(Exercise goal)
The records are to be copied word for word, and the pictures dropped.

-------------------------

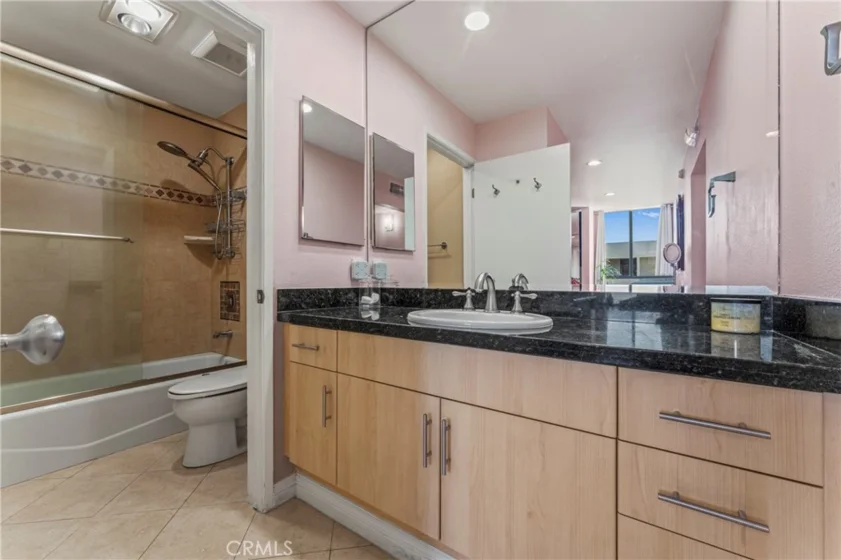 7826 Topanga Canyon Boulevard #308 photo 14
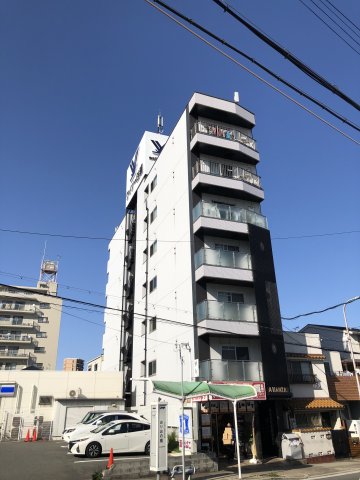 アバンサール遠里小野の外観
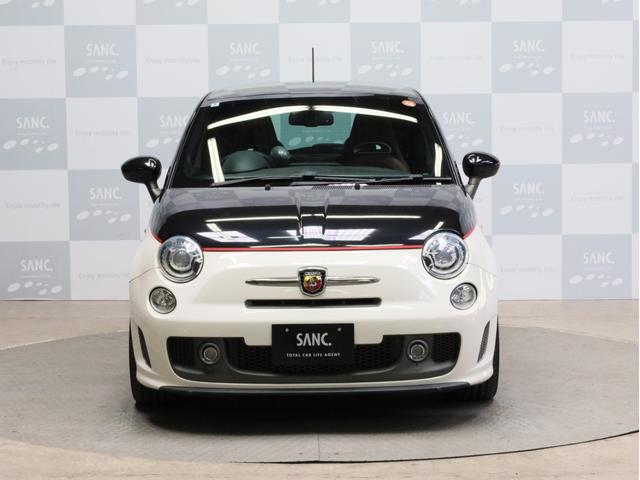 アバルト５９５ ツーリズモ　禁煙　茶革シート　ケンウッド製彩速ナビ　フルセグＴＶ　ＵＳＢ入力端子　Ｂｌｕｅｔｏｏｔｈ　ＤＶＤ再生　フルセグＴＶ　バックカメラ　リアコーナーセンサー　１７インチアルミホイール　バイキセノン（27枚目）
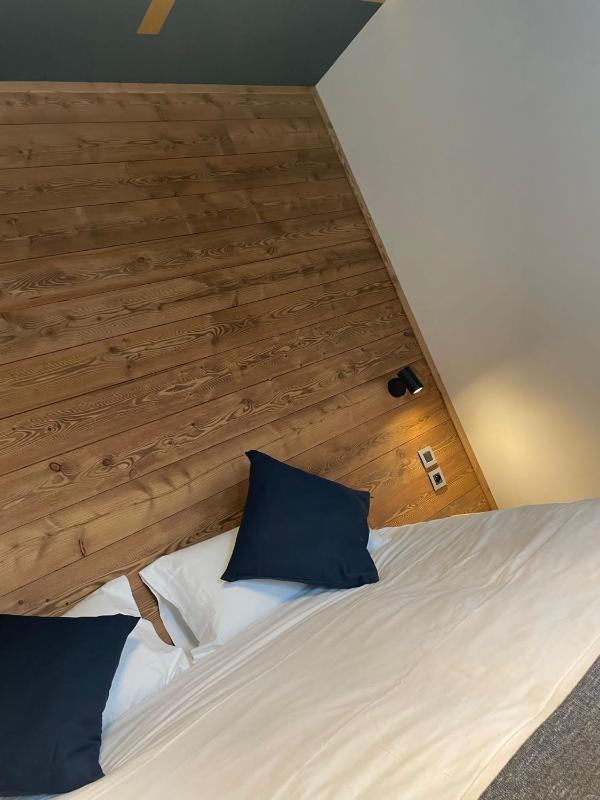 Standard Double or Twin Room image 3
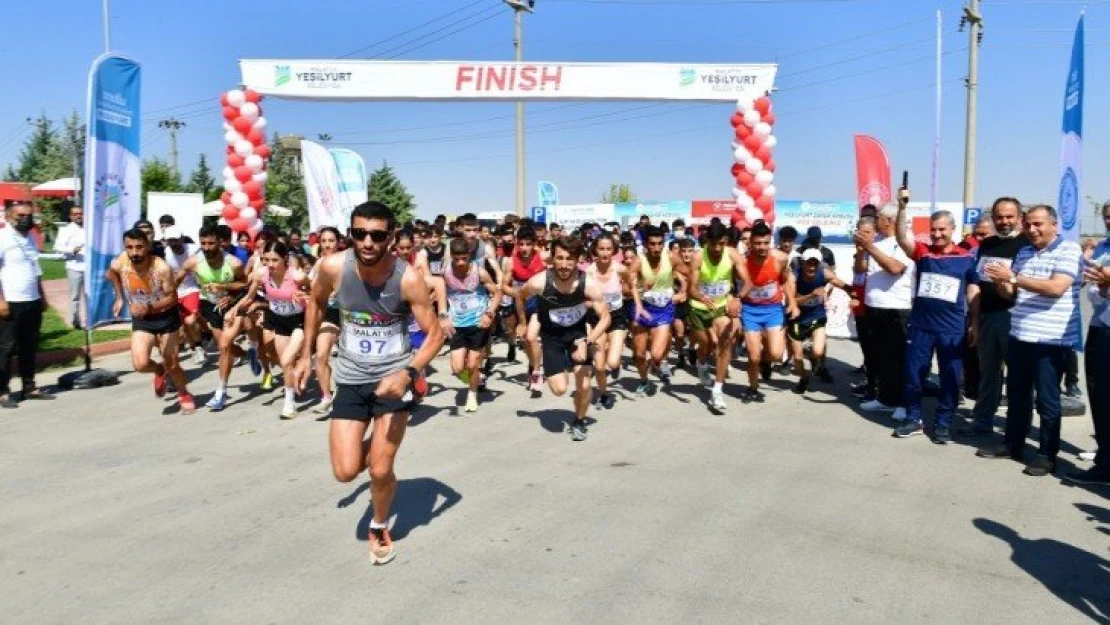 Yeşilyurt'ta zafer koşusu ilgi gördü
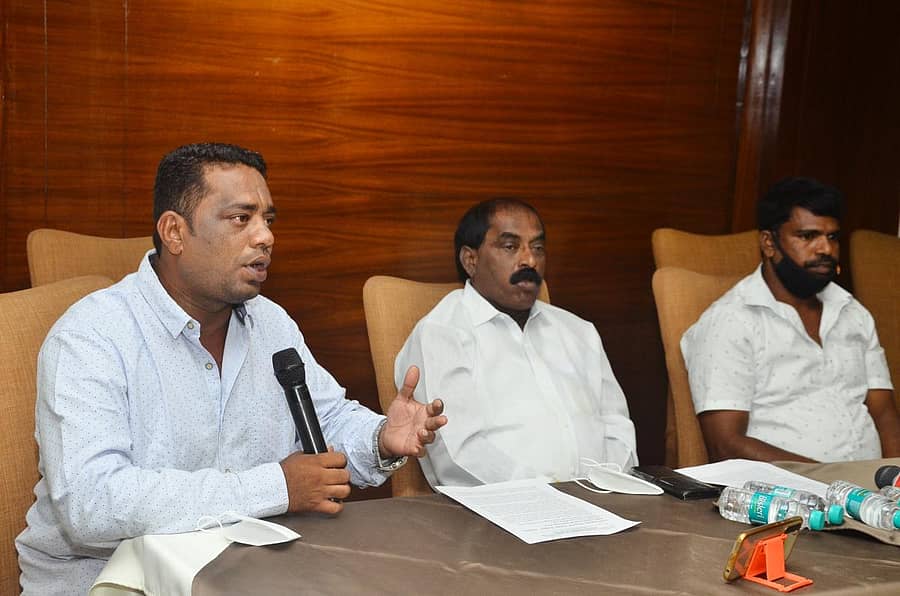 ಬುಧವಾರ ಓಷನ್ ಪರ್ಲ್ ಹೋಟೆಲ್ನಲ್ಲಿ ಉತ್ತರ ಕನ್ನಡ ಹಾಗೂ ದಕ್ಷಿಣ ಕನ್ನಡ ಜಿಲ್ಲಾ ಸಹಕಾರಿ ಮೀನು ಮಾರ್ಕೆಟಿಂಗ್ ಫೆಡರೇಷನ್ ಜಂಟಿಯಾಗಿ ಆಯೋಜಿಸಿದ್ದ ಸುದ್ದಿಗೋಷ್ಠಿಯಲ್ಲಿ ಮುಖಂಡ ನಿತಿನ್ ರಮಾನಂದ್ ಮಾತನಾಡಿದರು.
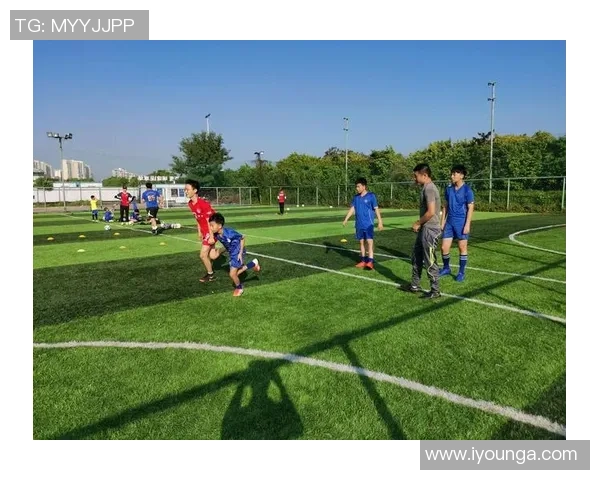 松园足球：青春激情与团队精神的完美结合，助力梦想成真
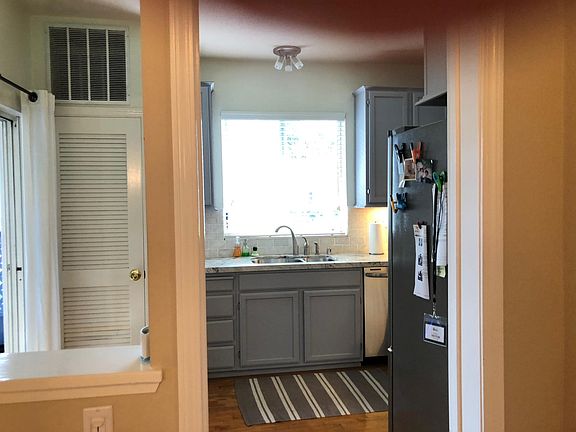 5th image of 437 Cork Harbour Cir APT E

-------------------------

(Task output)
 7826 Topanga Canyon Boulevard #308 photo 14
 アバンサール遠里小野の外観
 アバルト５９５ ツーリズモ　禁煙　茶革シート　ケンウッド製彩速ナビ　フルセグＴＶ　ＵＳＢ入力端子　Ｂｌｕｅｔｏｏｔｈ　ＤＶＤ再生　フルセグＴＶ　バックカメラ　リアコーナーセンサー　１７インチアルミホイール　バイキセノン（27枚目）
 Standard Double or Twin Room image 3
 Yeşilyurt'ta zafer koşusu ilgi gördü
 ಬುಧವಾರ ಓಷನ್ ಪರ್ಲ್ ಹೋಟೆಲ್ನಲ್ಲಿ ಉತ್ತರ ಕನ್ನಡ ಹಾಗೂ ದಕ್ಷಿಣ ಕನ್ನಡ ಜಿಲ್ಲಾ ಸಹಕಾರಿ ಮೀನು ಮಾರ್ಕೆಟಿಂಗ್ ಫೆಡರೇಷನ್ ಜಂಟಿಯಾಗಿ ಆಯೋಜಿಸಿದ್ದ ಸುದ್ದಿಗೋಷ್ಠಿಯಲ್ಲಿ ಮುಖಂಡ ನಿತಿನ್ ರಮಾನಂದ್ ಮಾತನಾಡಿದರು.
 松园足球：青春激情与团队精神的完美结合，助力梦想成真
 5th image of 437 Cork Harbour Cir APT E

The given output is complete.